The corresponding figures for the Norwegian and Barents Sea were over NOK 1 500 and almost NOK 2 500 respectively. These numbers represent the NPV per NOK 1000 at a seven per cent discount rate.

 

Figure 4.9 NPV (at seven per cent discount rate) per NOK 1 000 invested in NCS exploration, 2010-19

Figure 4.9 NPV (at seven per cent discount rate) per NOK 1 000 invested in NCS exploration, 2010-19

 

NPV contribution from various discovery types

The 179 discoveries included in the NPD’s profitability analysis represent a total resource growth of about 1 650 million scm oe. This portfolio provides an average discovery size of just over nine million scm oe and a median figure slightly above three million scm oe. That the average size is so much higher than the median indicates that the biggest discoveries are significantly larger than the typical ones.

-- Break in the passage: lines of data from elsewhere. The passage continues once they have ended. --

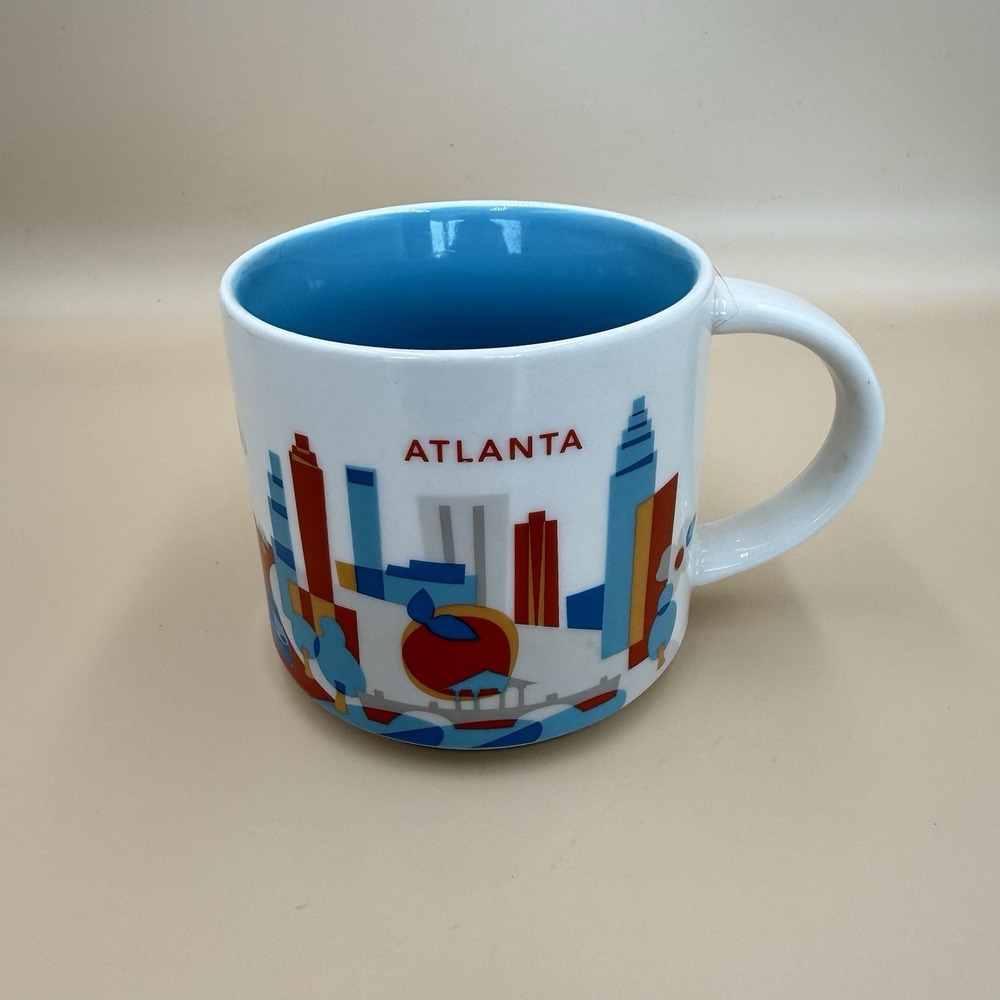 Starbucks Atlanta You Are Here Collection Mug 14 FL OZ 2014 Coffee Cup White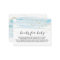 Watercolor Blue Book Request Invitation Insert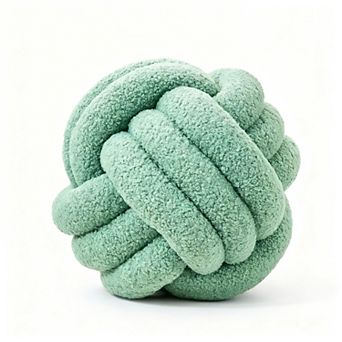 Knot Pillow, Hug Pillow, Soft Round, Handwoven Cushion, 8.6 inches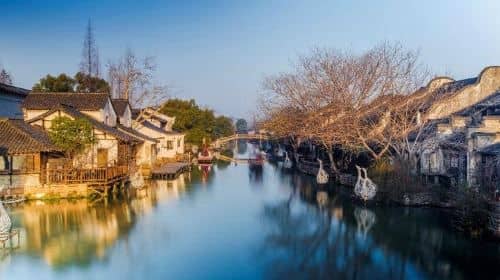 ทัวร์เมืองน้ำอูเจิ้น เดินทางจากเซี่ยงไฮ้ รวมการล่องเรือ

About 25 per cent of the resources included in the analysis are provided by 16/2-6 Johan Sverdrup, far and away the most sizeable discovery of the period, which also contributes more than a quarter of total value creation from exploration on the NCS over the past 20 years (figure 4.10).

 

Figure 4.10 NPV contribution from various discovery sizes in 2000-19 (seven per cent discount rate, excluding exploration costs)

Figure 4.10 NPV contribution from various discovery sizes in 2000-19 (seven per cent discount rate, excluding exploration costs)

In addition to 16/2-6 Johan Sverdrup, 10 discoveries larger than 25 million scm oe were made in the analysis period. These have contributed about 16 per cent of total NPV from exploration over the past 20 years and, like 16/2-6 Johan Sverdrup, provided substantial value creation per discovery.

These discoveries are or will be important for developing infrastructure and other discoveries around new or existing field centres. More than 40 per cent of the value creation comes from 57 discoveries in the size range from five to 25 million scm oe, which contribute roughly as much as 16/2-6 Johan Sverdrup and the 10 other largest discoveries combined.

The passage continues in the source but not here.